В 1915 году созвучно с радикальным консерватором Борисом Демчинским говорил лишь один радикальный революционер Андрей Белый, воспринимавший из нейтральной Швейцарии войну как кризис общего, а следовательно, и собственного, сознания, как следствие ошибок, в выправлении которых следует начинать с себя. Небольшая книга Демчинского предвосхищала и радикальную критику европейского нигилизма, тьмы, разрастающейся из самого сердца веры в прогресс, прозвучавшую спустя два десятилетия из уст немца Мартина Хайдеггера, наблюдавшего в 1915 году мировую войну по другую сторону от линии фронта. Большинству тогда эти мысли казались далёкими от повседневных забот, но ведь массы, «большинство», никогда не видят дальше стоящего перед их глазами. Для Прокофьева же оценка мирового кризиса, высказанная Демчинским, стала определяющей.
Нина Мещерская вспоминала, что молодой композитор, к удивлению всей её семьи, в 1915 году заявил ей, что будет избегать призыва: «Таким музыкантам, как я, не место в армии, я в жизни должен делать одно: писать музыку. Это я буду делать в Италии или где угодно». Ничего другого, зная, как нелегко пришлось его другу Мясковскому, несмотря на всю его прошлую военную выучку, помня, что думал тогда о войне другой его товарищ Демчинский, Прокофьев сказать не мог.

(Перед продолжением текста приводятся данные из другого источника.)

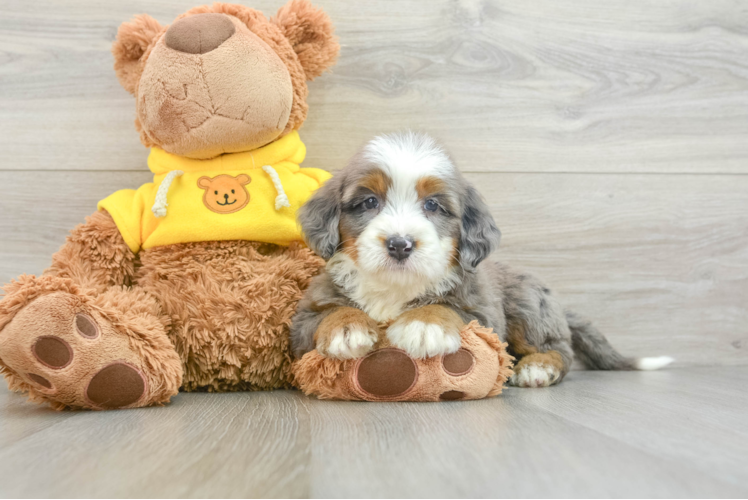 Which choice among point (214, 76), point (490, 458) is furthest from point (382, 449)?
point (214, 76)

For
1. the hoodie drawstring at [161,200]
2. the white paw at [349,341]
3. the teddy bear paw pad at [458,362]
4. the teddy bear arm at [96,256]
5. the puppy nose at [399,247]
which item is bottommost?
the teddy bear paw pad at [458,362]

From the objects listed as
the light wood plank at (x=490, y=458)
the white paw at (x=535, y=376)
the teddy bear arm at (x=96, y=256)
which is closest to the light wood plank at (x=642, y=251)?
the white paw at (x=535, y=376)

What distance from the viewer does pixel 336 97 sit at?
2.59 metres

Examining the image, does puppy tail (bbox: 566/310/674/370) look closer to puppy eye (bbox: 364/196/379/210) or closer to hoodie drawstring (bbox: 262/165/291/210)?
puppy eye (bbox: 364/196/379/210)

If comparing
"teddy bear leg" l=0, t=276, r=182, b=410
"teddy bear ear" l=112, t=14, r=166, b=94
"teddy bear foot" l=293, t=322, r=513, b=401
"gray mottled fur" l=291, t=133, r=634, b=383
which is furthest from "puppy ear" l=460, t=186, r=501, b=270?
"teddy bear ear" l=112, t=14, r=166, b=94

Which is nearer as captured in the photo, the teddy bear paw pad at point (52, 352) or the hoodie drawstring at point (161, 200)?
the teddy bear paw pad at point (52, 352)

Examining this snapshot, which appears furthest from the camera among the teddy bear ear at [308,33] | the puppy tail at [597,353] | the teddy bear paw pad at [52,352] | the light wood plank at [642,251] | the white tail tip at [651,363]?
the light wood plank at [642,251]

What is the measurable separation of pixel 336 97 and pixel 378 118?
0.66 feet

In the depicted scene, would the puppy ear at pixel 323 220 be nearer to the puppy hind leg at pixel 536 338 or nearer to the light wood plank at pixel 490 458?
the light wood plank at pixel 490 458

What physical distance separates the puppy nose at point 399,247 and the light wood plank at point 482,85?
103 cm

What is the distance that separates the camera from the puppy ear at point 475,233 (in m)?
1.84

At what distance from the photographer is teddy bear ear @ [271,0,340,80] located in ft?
7.05

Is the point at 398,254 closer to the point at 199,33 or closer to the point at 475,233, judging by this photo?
the point at 475,233

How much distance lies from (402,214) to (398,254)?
0.48 feet
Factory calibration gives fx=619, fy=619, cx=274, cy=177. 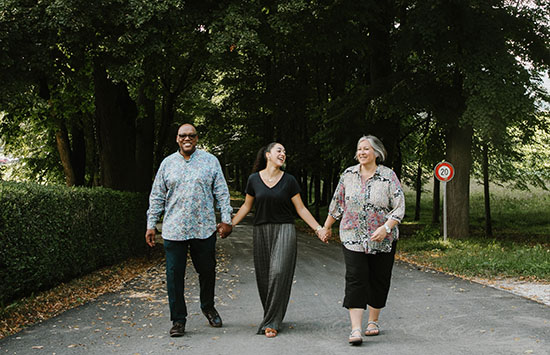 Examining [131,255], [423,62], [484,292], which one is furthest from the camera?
[423,62]

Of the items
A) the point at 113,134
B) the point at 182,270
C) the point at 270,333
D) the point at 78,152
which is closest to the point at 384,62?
the point at 113,134

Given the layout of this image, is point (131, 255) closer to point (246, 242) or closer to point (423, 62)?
point (246, 242)

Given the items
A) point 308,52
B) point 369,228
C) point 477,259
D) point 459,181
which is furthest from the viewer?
point 308,52

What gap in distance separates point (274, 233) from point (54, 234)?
439 cm

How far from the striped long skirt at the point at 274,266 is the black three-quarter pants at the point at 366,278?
1.96 ft

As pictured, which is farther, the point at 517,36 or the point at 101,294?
the point at 517,36

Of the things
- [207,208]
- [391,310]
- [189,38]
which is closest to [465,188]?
[189,38]

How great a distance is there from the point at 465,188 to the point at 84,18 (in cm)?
1138

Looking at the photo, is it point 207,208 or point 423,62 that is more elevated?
point 423,62

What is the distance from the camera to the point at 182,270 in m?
6.47

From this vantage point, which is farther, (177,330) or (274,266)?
(274,266)

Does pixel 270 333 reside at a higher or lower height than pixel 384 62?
lower

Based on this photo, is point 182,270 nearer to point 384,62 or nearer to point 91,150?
point 384,62

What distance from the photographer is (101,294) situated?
9305mm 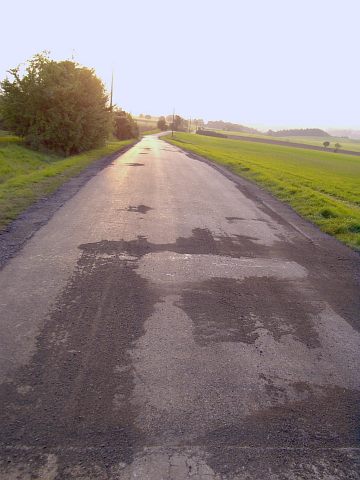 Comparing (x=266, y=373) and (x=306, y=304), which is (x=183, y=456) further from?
(x=306, y=304)

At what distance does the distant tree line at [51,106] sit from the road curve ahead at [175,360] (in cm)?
1956

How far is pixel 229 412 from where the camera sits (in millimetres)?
3416

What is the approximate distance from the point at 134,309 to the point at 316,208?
29.6ft

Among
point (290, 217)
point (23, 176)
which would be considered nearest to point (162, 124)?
point (23, 176)

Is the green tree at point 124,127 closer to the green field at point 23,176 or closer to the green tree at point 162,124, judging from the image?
the green field at point 23,176

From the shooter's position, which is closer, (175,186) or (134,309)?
(134,309)

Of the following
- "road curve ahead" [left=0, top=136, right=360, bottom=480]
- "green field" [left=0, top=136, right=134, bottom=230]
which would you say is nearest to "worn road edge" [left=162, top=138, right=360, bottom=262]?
"road curve ahead" [left=0, top=136, right=360, bottom=480]

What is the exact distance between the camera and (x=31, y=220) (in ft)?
28.8

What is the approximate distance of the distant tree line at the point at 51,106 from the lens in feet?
83.5

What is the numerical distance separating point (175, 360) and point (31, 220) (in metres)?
Result: 5.85

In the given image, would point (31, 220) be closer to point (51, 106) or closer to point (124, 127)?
point (51, 106)

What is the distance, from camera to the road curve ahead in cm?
296

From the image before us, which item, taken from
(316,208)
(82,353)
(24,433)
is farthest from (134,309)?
(316,208)

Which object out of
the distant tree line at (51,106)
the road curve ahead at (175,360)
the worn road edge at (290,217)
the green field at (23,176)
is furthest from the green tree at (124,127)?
the road curve ahead at (175,360) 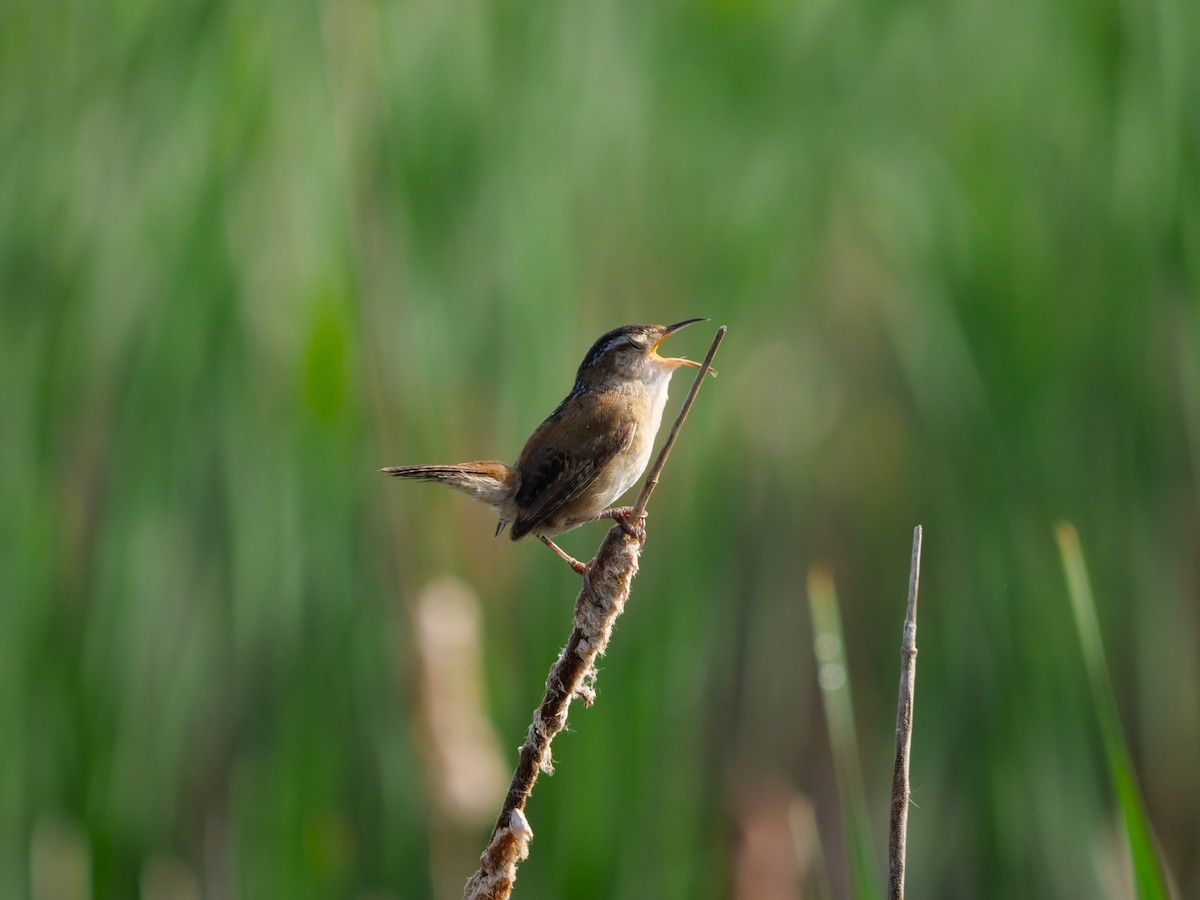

Между тем Дягилев и Стравинский усиленно звали его в Италию. Прокофьев решился, наконец, ехать единственным доступным сухопутным путём — через союзные балканские страны. 1 февраля 1915 года он встретился на Царскосельском вокзале с консулом Алексеем Ивановичем Алексеевым, которого Дягилев специально попросил взять себе в попутчики Прокофьева и «который вёз в Ниш два небольших ящичка, под восемью печатями каждый, и такой аховой тяжести, что еле поднять. Мы везли беднякам-сербам золото и вполне прониклись важностью нашей миссии». Ясно, что русское правительство хотело осуществить передачу денег союзному правительству втихую, без официального прохождения по международным банковским каналам, а высокий и физически крепкий Прокофьев был приставлен в качестве сопровождающего лица к российскому дипломату. 4 февраля их поезд пересёк русско-румынскую границу, 6 февраля Прокофьев и Алексеев были уже в Болгарии, причём её столица София напомнила композитору Симферополь. Русофилия местного населения резко контрастировала с официальной русофобией правительства и газет: болгарским царством правила немецкая по происхождению династия. 8 февраля путешественники были уже в Сербии — «и сразу разительная перемена к лучшему: вид народа гораздо привлекательнее болгар: тоньше, красивее, бравее, веселее, а уж милы и ласковы к русским, как к братьям». После остановки в Нише, крайне короткой из-за страха подхватить свирепствовавший вблизи линии боевых действий сыпной тиф, и передачи секретного груза союзникам путешественники пересели на поезд до Салоник и 9 февраля были уже в Греции, откуда 14-го числа отплыли из Пирея на пароходе через Коринфский канал в Адриатическое море. 15-го пароход встал на якорь у берегов острова Корфу, а 17-го Прокофьев и Алексеев сошли на итальянский берег. 18-го композитор с восторгом и облегчением записывал в дневнике: «Итак, я в Риме!» А в одиннадцать утра того же дня он уже беседовал в «Grand Hotel» с давно поджидавшим его там Дягилевым и в нетерпении дважды — безуспешно — ходившим встречать Прокофьева и Алексеева на железнодорожный вокзал.
Сразу же начались репетиции Второго фортепианного концерта, который Прокофьев должен был сыграть в римском зале «Аугустеум» с оркестром под управлением дирижёра и иезуита Бернардино Молинари. Познакомился Прокофьев и с новым спутником импресарио балетмейстером и танцовщиком Леонидом Мясиным — будущим хореографом прокофьевского балета «Стальной скок». На Прокофьева Мясин произвёл впечатление «милого юноши», понимающего толк в изобразительном искусстве, но не более того. Отношения Мясина с Дягилевым находились в нежнейшей фазе, и спутник импресарио покамест лишь обдумывал будущие постановки — «Литургию» (так никогда и не дошедшую до сцены), «Полночное солнце» (показанное в конце декабря в Женеве)… Непонятно, рассчитывал ли Дягилев на то, что Мясин возьмётся за прокофьевский балет, но тот постоянно присутствовал при их общении.